This year, however, we’ve decided to take over the entire second floor of the CHM.
This will give us a real auditorium and stage for our presentations away from the hustle, bustle and noise of the exhibit area. It also allows us to put Consignment in a contained area nearer the freight elevator and, by doing so, free up the classrooms for, well, classes.
I’ve opened exhibit registration on the vcfed website and have posted our preliminary schedule, exhibitors guide, FAQ and so on, all linked from here.
Please feel free to sign up for exhibits as soon as you are able. Please tell your friends, family, coworkers, acquaintance and random people you meet on the street about the event. Especially those in the vintage computing community or related areas who might be interested in exhibiting or presenting.

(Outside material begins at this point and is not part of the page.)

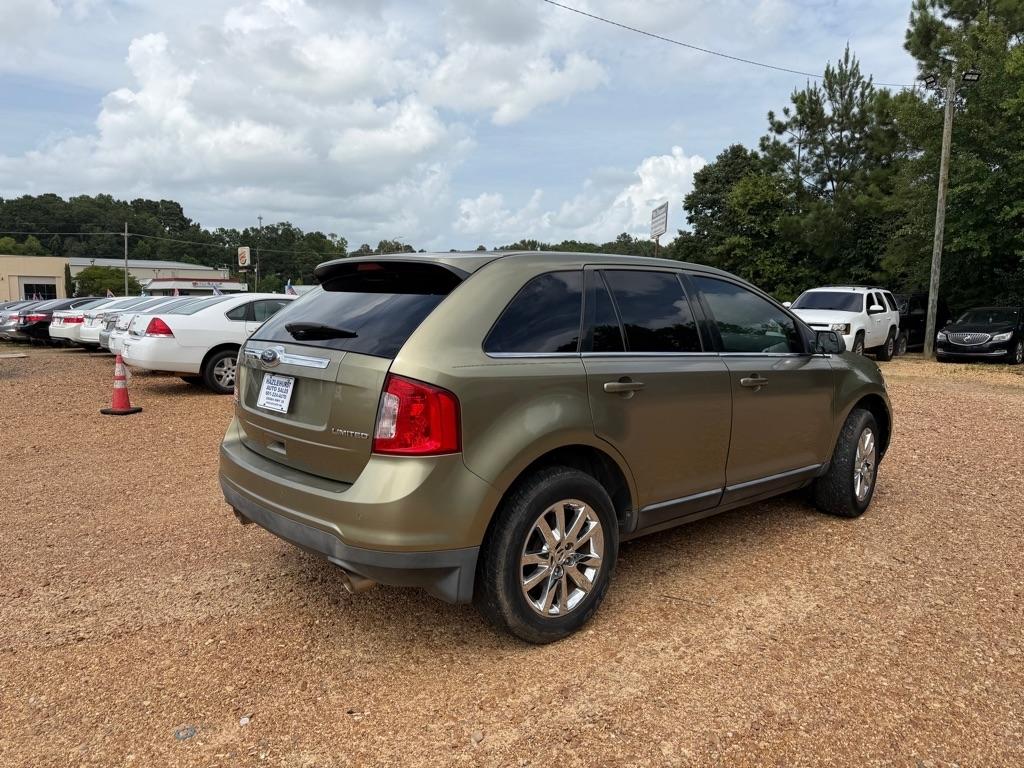 Ford Edge Limited FWD 2013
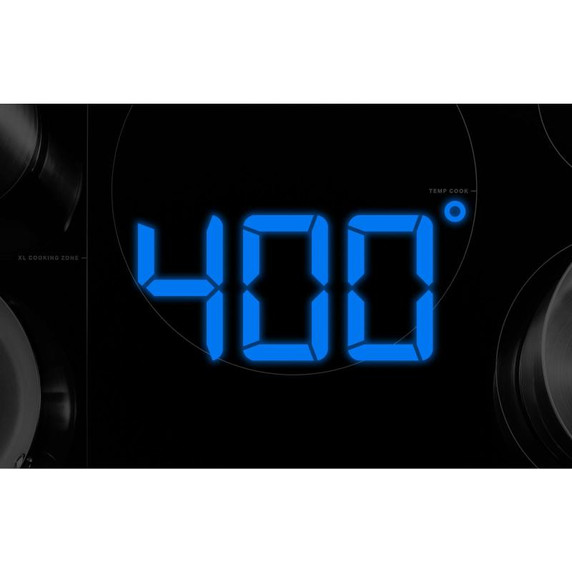 Maytag® 36-Inch Wide Induction Cooktop with Power Boost MCIT8036SB Maytag® 36-Inch Wide Induction Cooktop with Power Boost MCIT8036SB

We have a much bigger space to fill and I’m looking forward to a huge, awesome show.
But we still need lots of things:
Speakers – If you know someone working on a special project, with a connection so some bit of history, with a passion for something in our field, etc. please let me know and let’s get them signed up to share!
Classes – If you have a talent or skill that you can teach others about, please consider conducting a class. Anything in the restoration, vintage software, preservation and other hobby areas is encouraged!
Exhibitors – we need lots. We’ll be expanding beyond the traditional VCF focus on just computers and related gear. We’re looking for collectors of slide rules, mechanical and early electronic calculators and other “computing” equipment from days gone by.
Volunteers – This show requires a lot of work and we’re looking for anyone interested in lending a hand. Responsibilities include running the front desk, consignment, the AV boards, running mics for presentations, helping with setup and tear-down and more. Students in need of volunteer hours will get letters for credit.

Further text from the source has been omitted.